Copy exactly the lines of the records below, and only those lines, beginning with the line that contains "Qatar’s Economic Surge: Strategic" and ending with the line that contains "Bed & Breakfast".

Records contained in a dataset:
>>>>>
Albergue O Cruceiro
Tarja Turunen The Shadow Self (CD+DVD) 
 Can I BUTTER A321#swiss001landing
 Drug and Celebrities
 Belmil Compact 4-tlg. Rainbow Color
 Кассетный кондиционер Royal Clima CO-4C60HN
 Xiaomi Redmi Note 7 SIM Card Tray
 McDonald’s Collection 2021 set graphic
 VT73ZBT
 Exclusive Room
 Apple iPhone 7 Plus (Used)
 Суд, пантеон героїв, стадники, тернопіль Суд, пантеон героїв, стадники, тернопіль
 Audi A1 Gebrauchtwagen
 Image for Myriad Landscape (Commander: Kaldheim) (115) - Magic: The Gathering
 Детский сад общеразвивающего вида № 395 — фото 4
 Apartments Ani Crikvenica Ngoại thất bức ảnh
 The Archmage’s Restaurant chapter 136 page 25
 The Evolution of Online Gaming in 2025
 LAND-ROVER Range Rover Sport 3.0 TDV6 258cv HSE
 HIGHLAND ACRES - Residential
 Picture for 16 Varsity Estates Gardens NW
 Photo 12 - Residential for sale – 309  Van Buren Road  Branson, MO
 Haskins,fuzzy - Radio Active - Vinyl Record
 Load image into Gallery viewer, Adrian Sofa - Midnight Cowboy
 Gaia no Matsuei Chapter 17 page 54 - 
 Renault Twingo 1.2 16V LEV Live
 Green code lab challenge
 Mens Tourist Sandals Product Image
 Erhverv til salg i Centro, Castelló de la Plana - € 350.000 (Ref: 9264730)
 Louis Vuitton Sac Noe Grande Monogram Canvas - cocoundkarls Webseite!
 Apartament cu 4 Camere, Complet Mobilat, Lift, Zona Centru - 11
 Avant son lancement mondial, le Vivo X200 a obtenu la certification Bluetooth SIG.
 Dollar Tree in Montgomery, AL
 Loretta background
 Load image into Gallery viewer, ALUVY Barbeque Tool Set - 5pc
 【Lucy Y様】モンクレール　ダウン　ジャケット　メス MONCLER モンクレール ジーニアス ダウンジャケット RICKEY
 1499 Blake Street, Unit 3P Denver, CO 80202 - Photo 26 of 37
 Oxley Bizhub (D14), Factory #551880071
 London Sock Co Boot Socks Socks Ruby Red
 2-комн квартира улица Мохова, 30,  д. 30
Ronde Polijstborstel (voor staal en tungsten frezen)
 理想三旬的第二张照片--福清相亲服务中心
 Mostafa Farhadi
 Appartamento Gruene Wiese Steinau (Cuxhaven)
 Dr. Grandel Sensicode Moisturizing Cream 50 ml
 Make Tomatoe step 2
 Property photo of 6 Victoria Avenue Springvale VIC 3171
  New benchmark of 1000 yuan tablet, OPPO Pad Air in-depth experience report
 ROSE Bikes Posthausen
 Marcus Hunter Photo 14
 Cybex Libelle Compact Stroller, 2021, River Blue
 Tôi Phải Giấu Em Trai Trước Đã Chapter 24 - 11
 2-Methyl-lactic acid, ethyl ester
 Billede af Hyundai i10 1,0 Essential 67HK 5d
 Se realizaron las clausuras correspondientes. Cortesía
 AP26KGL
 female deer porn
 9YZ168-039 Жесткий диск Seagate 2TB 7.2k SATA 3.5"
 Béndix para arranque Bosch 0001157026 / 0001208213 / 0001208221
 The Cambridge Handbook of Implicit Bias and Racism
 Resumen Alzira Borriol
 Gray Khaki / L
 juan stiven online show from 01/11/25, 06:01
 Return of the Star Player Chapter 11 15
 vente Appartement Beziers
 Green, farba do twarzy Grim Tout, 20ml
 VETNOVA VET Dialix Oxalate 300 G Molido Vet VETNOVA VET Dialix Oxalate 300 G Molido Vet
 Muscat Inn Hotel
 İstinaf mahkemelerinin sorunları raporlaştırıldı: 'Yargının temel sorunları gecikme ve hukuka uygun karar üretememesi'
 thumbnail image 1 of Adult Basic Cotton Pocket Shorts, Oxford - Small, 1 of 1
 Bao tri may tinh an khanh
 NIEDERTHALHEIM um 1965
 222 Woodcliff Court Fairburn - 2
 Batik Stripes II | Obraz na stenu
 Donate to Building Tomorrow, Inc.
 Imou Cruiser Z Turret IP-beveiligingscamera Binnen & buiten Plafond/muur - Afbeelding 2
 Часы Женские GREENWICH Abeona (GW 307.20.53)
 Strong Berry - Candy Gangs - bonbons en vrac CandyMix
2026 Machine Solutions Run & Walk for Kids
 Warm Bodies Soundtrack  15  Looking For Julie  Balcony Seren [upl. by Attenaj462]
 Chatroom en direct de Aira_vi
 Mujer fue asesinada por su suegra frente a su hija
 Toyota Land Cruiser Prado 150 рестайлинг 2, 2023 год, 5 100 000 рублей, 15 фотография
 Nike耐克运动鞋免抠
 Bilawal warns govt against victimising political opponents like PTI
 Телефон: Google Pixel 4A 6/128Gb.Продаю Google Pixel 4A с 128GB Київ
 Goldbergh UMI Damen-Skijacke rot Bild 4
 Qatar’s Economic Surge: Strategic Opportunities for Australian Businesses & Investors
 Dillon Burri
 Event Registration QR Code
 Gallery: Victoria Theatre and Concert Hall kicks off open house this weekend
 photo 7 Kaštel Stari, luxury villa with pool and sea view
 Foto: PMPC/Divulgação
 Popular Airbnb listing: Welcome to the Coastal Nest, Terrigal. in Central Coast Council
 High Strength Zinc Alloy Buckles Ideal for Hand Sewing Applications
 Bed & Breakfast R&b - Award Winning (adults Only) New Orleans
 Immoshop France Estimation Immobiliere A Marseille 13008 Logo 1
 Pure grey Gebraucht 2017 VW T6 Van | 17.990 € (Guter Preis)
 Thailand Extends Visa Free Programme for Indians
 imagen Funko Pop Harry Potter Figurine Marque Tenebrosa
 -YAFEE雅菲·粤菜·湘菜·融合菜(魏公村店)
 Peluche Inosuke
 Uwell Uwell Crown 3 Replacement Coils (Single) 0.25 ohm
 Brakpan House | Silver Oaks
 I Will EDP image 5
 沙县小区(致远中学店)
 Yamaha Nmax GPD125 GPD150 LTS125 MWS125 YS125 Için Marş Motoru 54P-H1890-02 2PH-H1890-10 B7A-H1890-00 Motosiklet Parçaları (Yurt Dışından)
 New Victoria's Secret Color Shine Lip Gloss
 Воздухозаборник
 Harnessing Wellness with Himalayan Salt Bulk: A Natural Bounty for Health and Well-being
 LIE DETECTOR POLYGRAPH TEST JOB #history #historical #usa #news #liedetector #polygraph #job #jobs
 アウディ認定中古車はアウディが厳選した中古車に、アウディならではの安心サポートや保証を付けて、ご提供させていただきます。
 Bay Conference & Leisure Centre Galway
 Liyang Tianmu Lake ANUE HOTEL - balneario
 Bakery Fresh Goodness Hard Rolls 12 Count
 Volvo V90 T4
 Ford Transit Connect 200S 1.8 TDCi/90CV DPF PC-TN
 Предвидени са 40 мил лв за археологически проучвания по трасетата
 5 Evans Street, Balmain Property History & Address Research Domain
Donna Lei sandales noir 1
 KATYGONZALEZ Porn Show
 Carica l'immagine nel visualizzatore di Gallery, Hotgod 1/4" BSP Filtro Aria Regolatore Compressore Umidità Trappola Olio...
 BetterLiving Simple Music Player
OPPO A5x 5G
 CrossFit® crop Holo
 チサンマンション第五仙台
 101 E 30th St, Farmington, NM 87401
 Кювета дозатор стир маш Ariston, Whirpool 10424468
<<<<<
• _Response to this task_
 Qatar’s Economic Surge: Strategic Opportunities for Australian Businesses & Investors
 Dillon Burri
 Event Registration QR Code
 Gallery: Victoria Theatre and Concert Hall kicks off open house this weekend
 photo 7 Kaštel Stari, luxury villa with pool and sea view
 Foto: PMPC/Divulgação
 Popular Airbnb listing: Welcome to the Coastal Nest, Terrigal. in Central Coast Council
 High Strength Zinc Alloy Buckles Ideal for Hand Sewing Applications
 Bed & Breakfast R&b - Award Winning (adults Only) New Orleans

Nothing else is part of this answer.